23. Ao nível laboral, o arguido teve um percurso ligado ao sector bancário, tendo exercido atividade em diferentes Bancos, alterações que estiveram associadas à sua progressão na carreira e correspondente aumento salarial.

24. Na sequência de problemas ocorridos nessa atividade, em 2001, viria a ser demitido do Banco onde laborava.

25. Após um período em que ainda trabalhou num Banco, em Ponta Delgada, onde permaneceu cerca de um ano e meio, ao retornar ao continente optou por se dedicar à atividade imobiliária, através de um franchising da "Remax" com 50% da sociedade.

26. Em 2004 adquiriu a BB - Sociedade Mediação Imobiliária, Lda", com escritório em Lisboa, e paralelamente ajudava o progenitor na atividade de mediação seguros.

27. Durante algum tempo teve dificuldades em fazer face aos seus encargos, contexto que atribuiu aos seus processos judiciais.

28. Como atividades extraprofissionais, refere ter sido elemento da mesa administrativa da Santa Casa da Misericórdia de Arruda dos Vinhos e da lista de um partido político dessa localidade.

29. À data da sua prisão, o arguido mantinha a atividade no ramo imobiliário bem como o apoio ao progenitor, no ramo de seguros, e encontrava-se também a treinar a equipa de futebol de iniciados em Arruda dos Vinhos.

30. Vivia com o seu agregado familiar, constituído pela esposa e dois filhos, atualmente com 15 e 14 anos de idade, residindo numa vivenda que apresenta muito boas condições de habitabilidade, integrada numa zona de construção recente de Arruda dos Vinhos.

31. O agregado apresentava uma situação económica estável, sendo que o arguido assumia parte das despesas domésticas, desconhecendo a esposa os rendimentos do mesmo.

32. A companheira do arguido exerce a atividade profissional como professora de inglês na Santa Casa da Misericórdia de Arruda dos Vinhos.

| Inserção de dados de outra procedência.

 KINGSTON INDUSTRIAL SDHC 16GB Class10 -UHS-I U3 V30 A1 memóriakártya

33. O arguido não é muito conhecido na sua atual zona de residência, mas algumas pessoas atribuem-lhe uma imagem associada a problemas profissionais, de carácter económico, embora seja educado no trato e socialmente integrado.

34. O arguido tem perspetivas futuras de regressar ao seu agregado familiar, contando com o seu apoio e, profissionalmente, reiniciar a empresa do ramo imobiliário de que é proprietário.

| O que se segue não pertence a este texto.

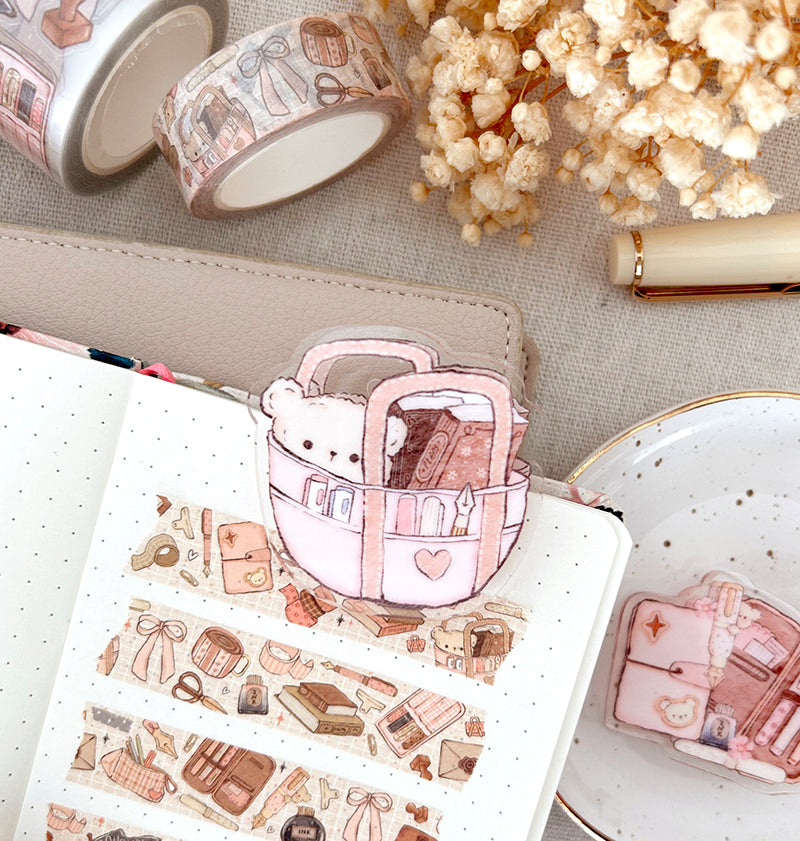 Acrylic clip - My favorite things (Totebag) (A002)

35. O arguido, já em meio prisional, divorciou-se mas mantém a relação afetiva com a ex-esposa.

36. O pai do arguido faleceu em junho de 2013, vítima de um problema de saúde.

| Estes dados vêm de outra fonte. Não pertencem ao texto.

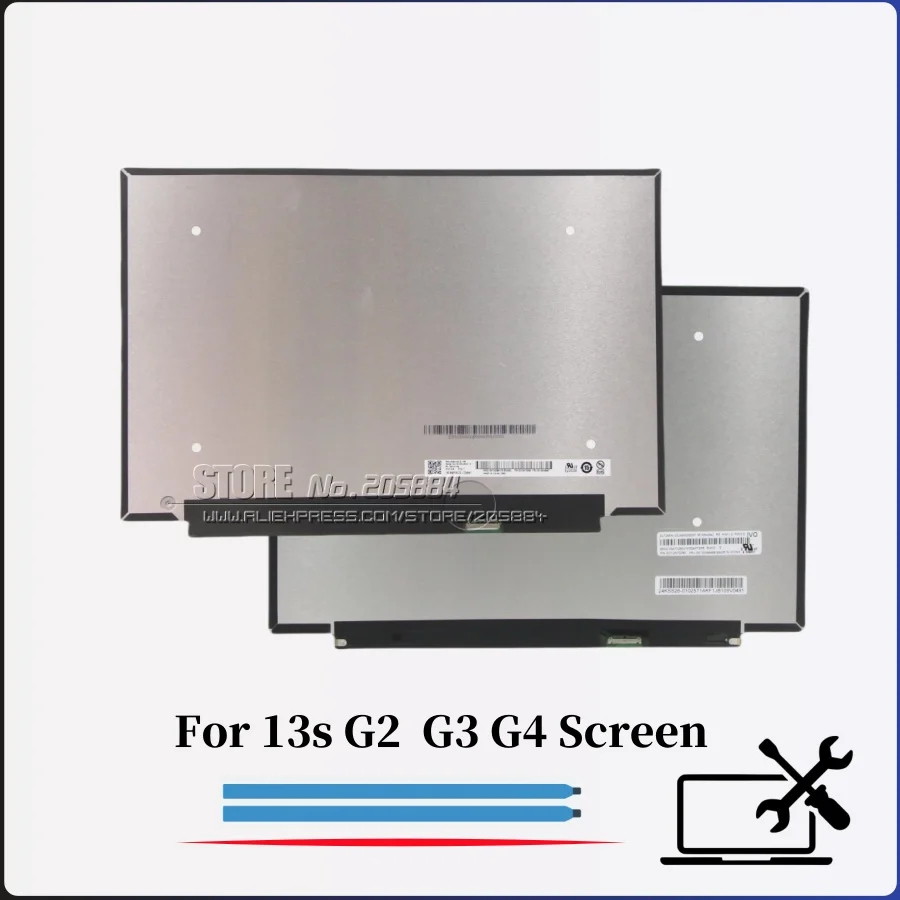

For ThinkBook 13s G2 G3 G4 -ARE /ITL/ACN/ARB/IAP Laptop LCD screen 13.3" （Non touch）B133UAN01.0/M133NW4J-R0 N133GCA-GQ1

37. O arguido encontra-se preso no Estabelecimento Prisional de Lisboa a cumprir uma pena de 5 anos e 6 meses.

38. Mantém um comportamento normativo-institucional adaptado, tendo vindo a desenvolver várias atividades laborais, nomeadamente faxina e trabalho no bar na ala onde esteve integrado e, atualmente, trabalha na tipografia e na biblioteca.

39. A privação da liberdade provocou um profundo impacto na família de origem, a qual passou a disponibilizar incondicionalmente ao arguido todo o apoio afetivo e material, beneficiando de visitas regulares da companheira, filhos e irmã.

40. Demonstra consciência da sua situação jurídica e as consequências que daí possam advir ainda que face ao bem jurídico em causa, o arguido adota uma atitude que revela ambivalência no reconhecimento do dano, relativizando o prejuízo para as hipotéticas vítimas.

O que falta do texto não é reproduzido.